In 2017, Harrow filed a declaratory judgment action against Nexus in the Central District of Illinois. Harrow sought a declaration that any liability of National Greenhouse to the Amlings had passed from Harrow to Nexus under the terms of the 1990 asset-purchase agreement. Apprised of Harrow’s suit, the Amlings successfully sought a stay of their own suit and unsuccessfully moved to intervene in Harrow’s. Harrow voluntarily dismissed its action in 2018 without a decision on the merits.

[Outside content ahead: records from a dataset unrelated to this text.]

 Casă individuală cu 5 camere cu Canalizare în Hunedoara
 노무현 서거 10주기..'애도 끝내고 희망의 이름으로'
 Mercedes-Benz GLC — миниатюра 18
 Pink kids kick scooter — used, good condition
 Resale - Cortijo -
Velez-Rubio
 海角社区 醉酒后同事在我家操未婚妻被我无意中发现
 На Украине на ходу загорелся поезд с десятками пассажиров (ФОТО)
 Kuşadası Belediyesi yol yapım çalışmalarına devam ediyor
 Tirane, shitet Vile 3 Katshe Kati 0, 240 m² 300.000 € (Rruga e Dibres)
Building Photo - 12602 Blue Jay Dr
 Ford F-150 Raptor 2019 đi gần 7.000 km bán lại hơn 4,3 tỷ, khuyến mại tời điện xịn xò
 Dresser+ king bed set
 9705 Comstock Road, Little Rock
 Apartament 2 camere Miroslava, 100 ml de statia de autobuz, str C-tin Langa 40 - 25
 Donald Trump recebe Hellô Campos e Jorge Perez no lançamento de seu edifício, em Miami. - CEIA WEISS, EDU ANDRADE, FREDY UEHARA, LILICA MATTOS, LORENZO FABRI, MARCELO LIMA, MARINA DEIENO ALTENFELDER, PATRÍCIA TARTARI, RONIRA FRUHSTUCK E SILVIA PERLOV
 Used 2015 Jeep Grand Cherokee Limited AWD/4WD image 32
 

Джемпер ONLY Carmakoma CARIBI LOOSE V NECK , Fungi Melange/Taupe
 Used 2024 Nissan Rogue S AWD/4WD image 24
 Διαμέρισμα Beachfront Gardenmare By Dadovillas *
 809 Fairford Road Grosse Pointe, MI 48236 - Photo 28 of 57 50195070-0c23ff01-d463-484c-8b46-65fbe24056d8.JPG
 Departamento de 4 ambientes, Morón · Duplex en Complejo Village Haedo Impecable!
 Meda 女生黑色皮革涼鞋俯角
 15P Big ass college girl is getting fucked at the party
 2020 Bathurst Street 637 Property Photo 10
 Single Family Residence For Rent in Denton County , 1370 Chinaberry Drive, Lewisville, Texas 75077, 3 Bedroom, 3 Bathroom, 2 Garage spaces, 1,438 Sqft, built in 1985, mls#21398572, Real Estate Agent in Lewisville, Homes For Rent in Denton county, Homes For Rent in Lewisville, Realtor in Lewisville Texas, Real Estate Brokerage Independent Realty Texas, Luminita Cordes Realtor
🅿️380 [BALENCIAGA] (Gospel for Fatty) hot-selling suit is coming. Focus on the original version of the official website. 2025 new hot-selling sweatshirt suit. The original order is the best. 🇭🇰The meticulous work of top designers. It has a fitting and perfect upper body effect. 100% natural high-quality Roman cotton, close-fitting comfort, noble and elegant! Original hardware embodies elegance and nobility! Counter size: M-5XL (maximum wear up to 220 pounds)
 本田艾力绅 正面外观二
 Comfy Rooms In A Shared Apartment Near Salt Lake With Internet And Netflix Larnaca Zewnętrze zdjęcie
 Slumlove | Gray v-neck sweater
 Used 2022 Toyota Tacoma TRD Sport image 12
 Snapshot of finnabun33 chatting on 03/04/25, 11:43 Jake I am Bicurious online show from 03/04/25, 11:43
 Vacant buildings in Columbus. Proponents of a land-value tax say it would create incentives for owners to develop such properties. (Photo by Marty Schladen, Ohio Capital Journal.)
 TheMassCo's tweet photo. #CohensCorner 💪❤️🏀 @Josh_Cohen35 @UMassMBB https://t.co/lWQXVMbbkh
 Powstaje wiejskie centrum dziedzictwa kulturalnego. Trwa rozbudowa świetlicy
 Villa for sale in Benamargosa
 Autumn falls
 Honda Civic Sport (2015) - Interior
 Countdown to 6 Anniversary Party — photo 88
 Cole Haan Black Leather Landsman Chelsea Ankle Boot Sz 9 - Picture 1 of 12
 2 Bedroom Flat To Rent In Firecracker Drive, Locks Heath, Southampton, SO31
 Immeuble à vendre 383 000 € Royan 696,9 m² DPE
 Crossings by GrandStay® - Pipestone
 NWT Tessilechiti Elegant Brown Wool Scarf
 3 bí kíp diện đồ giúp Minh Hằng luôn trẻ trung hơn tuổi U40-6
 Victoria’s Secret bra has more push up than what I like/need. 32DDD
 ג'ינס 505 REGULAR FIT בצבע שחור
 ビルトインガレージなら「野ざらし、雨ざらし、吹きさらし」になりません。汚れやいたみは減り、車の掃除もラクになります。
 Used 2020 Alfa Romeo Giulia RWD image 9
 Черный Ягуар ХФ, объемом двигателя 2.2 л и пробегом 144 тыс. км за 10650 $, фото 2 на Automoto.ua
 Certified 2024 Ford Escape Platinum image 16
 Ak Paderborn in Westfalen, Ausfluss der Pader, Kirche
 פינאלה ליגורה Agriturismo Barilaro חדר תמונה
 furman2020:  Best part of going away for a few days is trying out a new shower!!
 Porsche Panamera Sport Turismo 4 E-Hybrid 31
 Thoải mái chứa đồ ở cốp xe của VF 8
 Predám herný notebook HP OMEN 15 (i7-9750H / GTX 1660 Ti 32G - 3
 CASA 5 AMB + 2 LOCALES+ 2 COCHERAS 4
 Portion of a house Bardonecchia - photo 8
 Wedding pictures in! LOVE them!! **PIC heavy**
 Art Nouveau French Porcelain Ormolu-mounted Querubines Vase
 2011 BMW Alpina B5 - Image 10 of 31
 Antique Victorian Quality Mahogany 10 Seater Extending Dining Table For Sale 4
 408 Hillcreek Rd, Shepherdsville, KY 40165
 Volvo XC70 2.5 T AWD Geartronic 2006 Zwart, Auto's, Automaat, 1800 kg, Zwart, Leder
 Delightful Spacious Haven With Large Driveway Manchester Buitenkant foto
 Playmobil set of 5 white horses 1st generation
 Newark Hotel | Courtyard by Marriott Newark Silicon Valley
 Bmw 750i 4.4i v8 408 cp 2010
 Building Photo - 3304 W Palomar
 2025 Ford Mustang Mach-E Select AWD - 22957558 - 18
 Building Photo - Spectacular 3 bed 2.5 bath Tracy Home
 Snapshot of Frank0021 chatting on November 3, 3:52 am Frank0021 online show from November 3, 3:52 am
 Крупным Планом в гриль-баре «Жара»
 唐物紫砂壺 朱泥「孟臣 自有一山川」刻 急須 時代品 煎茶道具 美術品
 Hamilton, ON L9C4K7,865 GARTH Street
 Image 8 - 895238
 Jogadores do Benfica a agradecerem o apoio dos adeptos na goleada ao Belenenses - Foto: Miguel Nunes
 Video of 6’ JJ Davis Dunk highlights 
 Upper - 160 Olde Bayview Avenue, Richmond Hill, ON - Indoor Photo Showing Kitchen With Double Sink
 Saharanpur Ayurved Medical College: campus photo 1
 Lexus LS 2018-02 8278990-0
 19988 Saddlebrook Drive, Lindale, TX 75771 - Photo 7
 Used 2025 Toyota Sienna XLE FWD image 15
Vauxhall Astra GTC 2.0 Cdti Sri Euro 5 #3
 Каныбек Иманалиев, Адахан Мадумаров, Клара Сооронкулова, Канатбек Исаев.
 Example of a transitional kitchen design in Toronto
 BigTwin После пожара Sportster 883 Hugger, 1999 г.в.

The Amlings then filed their own declaratory judgment action in the same federal district court—the case before us now. The district court had jurisdiction of the suit under 28 U.S.C. § 1332. The Amlings’ suit is basically a mirror image of Harrow’s: it seeks a declaration that under the terms of the 1990 agreement, Harrow, not Nexus or any other entity, is liable for National Greenhouse’s torts alleged in the Amlings’ state complaint. (Schlage Lock Company is also named as a defendant here as Harrow’s alter ego or successor in interest; we need not discuss it further.) The Amlings’ state case is still stayed.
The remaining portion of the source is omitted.